Task goal: For this exercise, return only the lines in the records below from the one holding "A smiling blond woman wearing a blue dress" through the one holding "Entrenador hablando con", including both, exactly as they appear and without pictures.

Data provided:

• • • • •

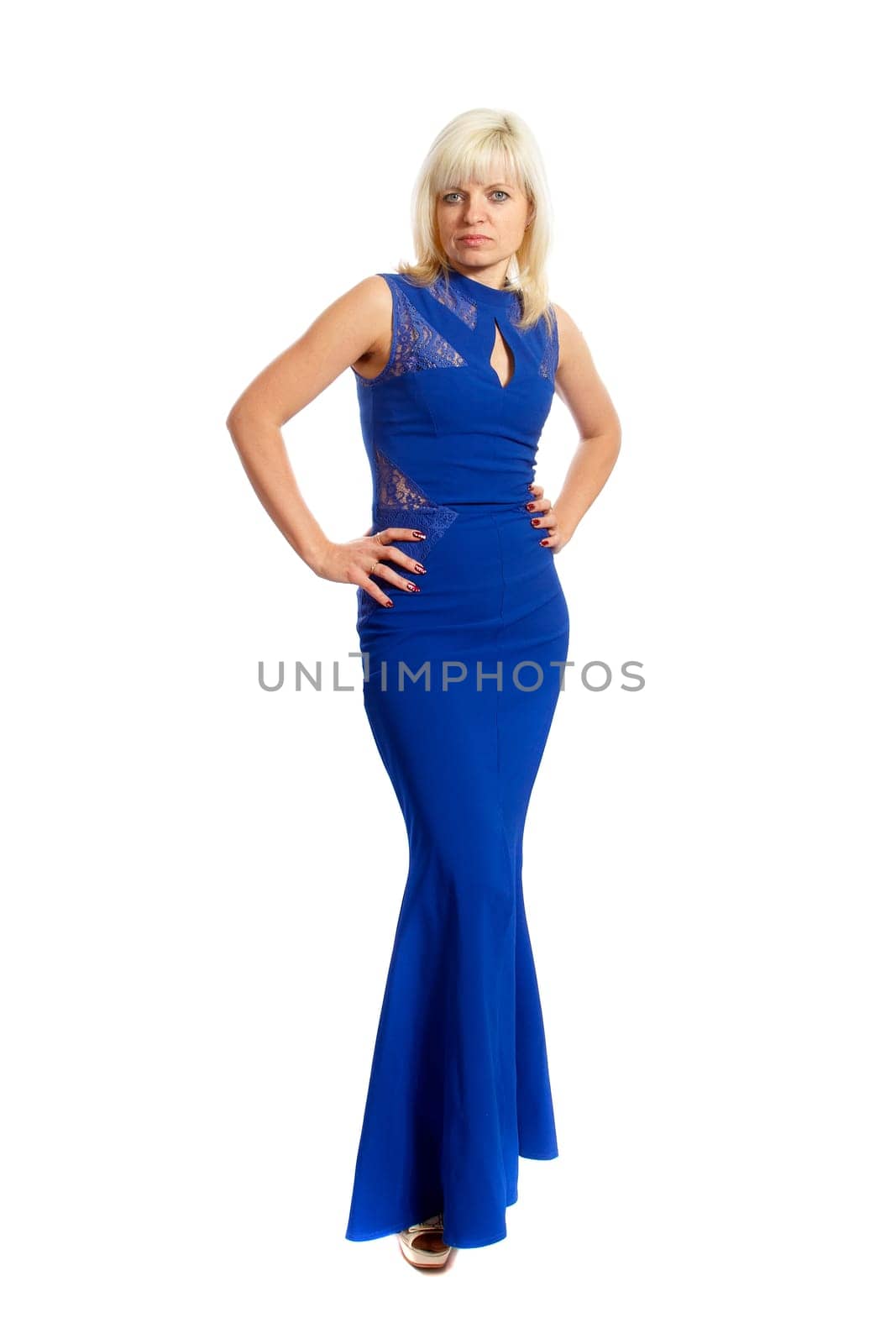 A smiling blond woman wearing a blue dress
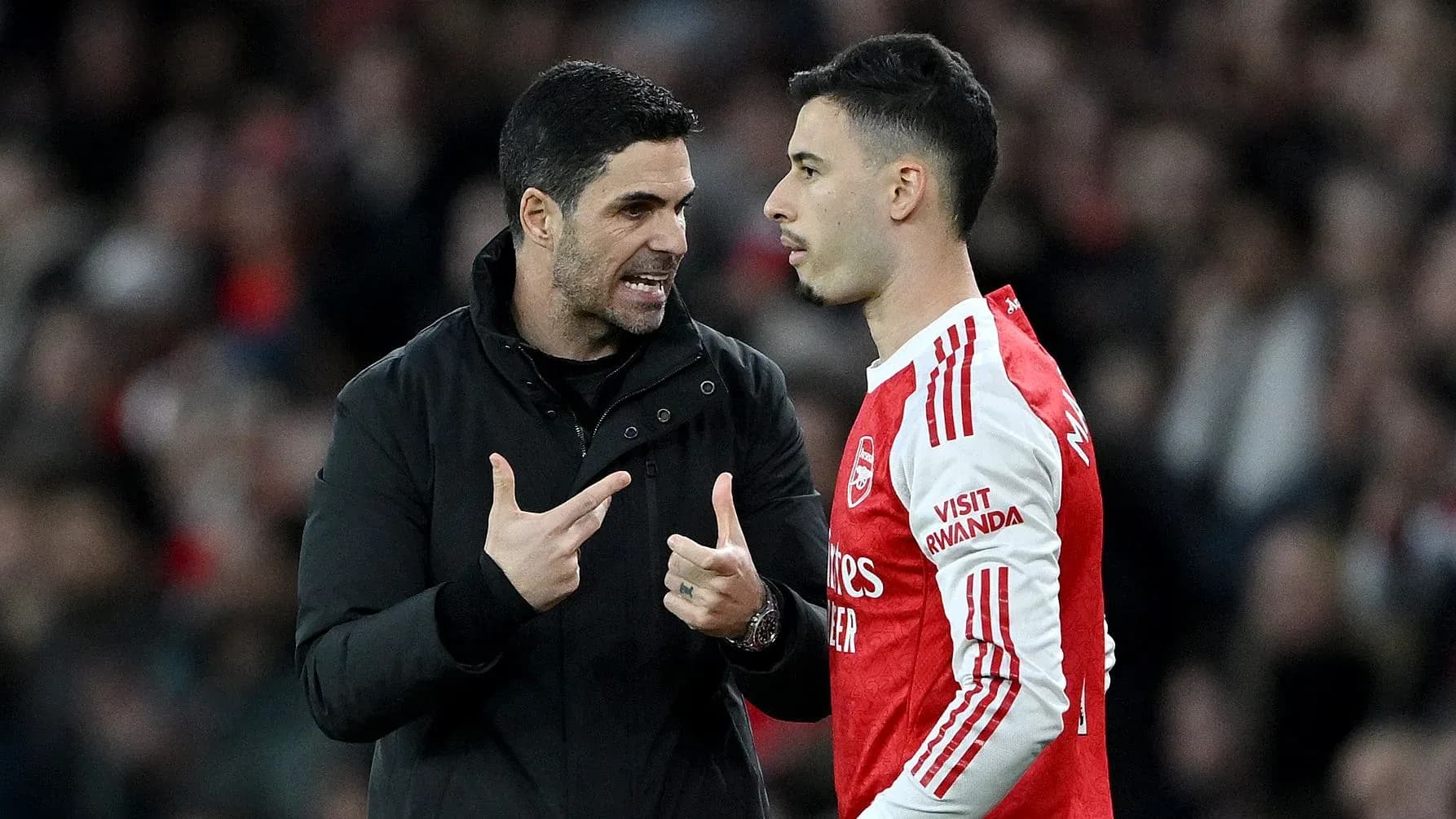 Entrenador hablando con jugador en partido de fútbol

• • • • •

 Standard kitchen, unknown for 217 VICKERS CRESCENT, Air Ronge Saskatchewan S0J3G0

• • • • •

Response:
 A smiling blond woman wearing a blue dress
 Entrenador hablando con jugador en partido de fútbol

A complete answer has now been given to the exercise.